QUOTE(PinetreePorsche @ Feb 20 2007, 09:57 AM)
My 2.0 w/ Webers will fire, catch for an instant,and die. Each re-start, the instant stretches out, till, on the 4th try, it runs for maybe one second, and the 6th or 7th it goes for 2-3 sec, and maybe the 10th or 12th, it will stay running with lots of artful foot flutter on the gas. Less artful and it dies--until it has had about 15-20 sec of uninterrupted running with the foot flutter. Even then it needs just a slightly high rev, like 1800 (hate to do that when it's still cold), then, after another half min, I can let the foot off the pedal and it'll stay running. Then, maybe another 15 sec, I can lift my clutch foot and not have the extra load of the heavy oil kill it again (maybe keeping the revs at 1000 with my foot). Finally, after 2 min total I can get underway, if I over-rev it pulling away in 1st. Still, it will back-fart a bit if I gas it too much after a shift to too low a rev. By 5 min, as the heat starts to come out on the glass, it gets more normal. SO: you far northerners with carbs --what can I do with choke-less Webers to make this a kinder, gentler process? (Yes, if there's salt on the roads --last 3 weeks here-- I leave it at home. But the warm and rain are coming for 2-3 days, so it will get out again, and I'd love to do right by it.)
Clean the idle jets.
Sound like dirty jets.
When you start it, let it sit still for 2 minutes minimum at idle.

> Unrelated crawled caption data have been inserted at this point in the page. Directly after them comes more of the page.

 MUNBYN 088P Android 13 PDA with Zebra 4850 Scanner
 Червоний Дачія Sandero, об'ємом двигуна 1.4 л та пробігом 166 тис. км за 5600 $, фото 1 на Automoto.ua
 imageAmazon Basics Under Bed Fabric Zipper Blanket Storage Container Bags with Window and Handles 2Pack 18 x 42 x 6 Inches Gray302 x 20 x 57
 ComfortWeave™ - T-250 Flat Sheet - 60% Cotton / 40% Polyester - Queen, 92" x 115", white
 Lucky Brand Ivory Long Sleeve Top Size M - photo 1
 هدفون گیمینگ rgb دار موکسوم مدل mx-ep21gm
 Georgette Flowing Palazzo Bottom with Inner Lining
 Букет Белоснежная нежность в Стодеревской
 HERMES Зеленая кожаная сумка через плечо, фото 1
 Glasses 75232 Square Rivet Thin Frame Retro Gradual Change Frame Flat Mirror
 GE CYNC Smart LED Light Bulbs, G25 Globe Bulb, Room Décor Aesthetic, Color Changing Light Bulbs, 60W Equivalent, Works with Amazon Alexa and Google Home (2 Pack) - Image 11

It will cough a bit, but it should sit at idle if properly tuned, and all jets are clean, the right size.
Check in this order.
points/condensor (important that the points are perfect this time of year.)
Valves adjusted.
new plugs.
All jets are clean, all jets are the right size (look at plugs when you replace them, they should be the brown of a perfectly coked marshmellow)
Use premium gas, and dont let it sit so long that the tank has really old gas in it.
Add gas antifreeze.
In the real cold, they will be a bit hard to start, but you are experiencing a car that is out of tune, and dirty jets...all rolled into one.
It gets pretty cold up here, and I just tune the car twice a year, and when I tune a car, I replace all the consumables...plugs, point, rotor, condensor...
Sometimes I replace wires
yearly I replace the distributor cap...it gets corroded on the inside.
So, twice yearly tune up. new parts only...they are cheap
Once yearly wires and cap replacement
I think a tune up costs like 30 bucks total...twice a year...big deal.
I assume you have no chokes on the carbs...you dont need them if you have some patience (2min) and wait each time you start it cold.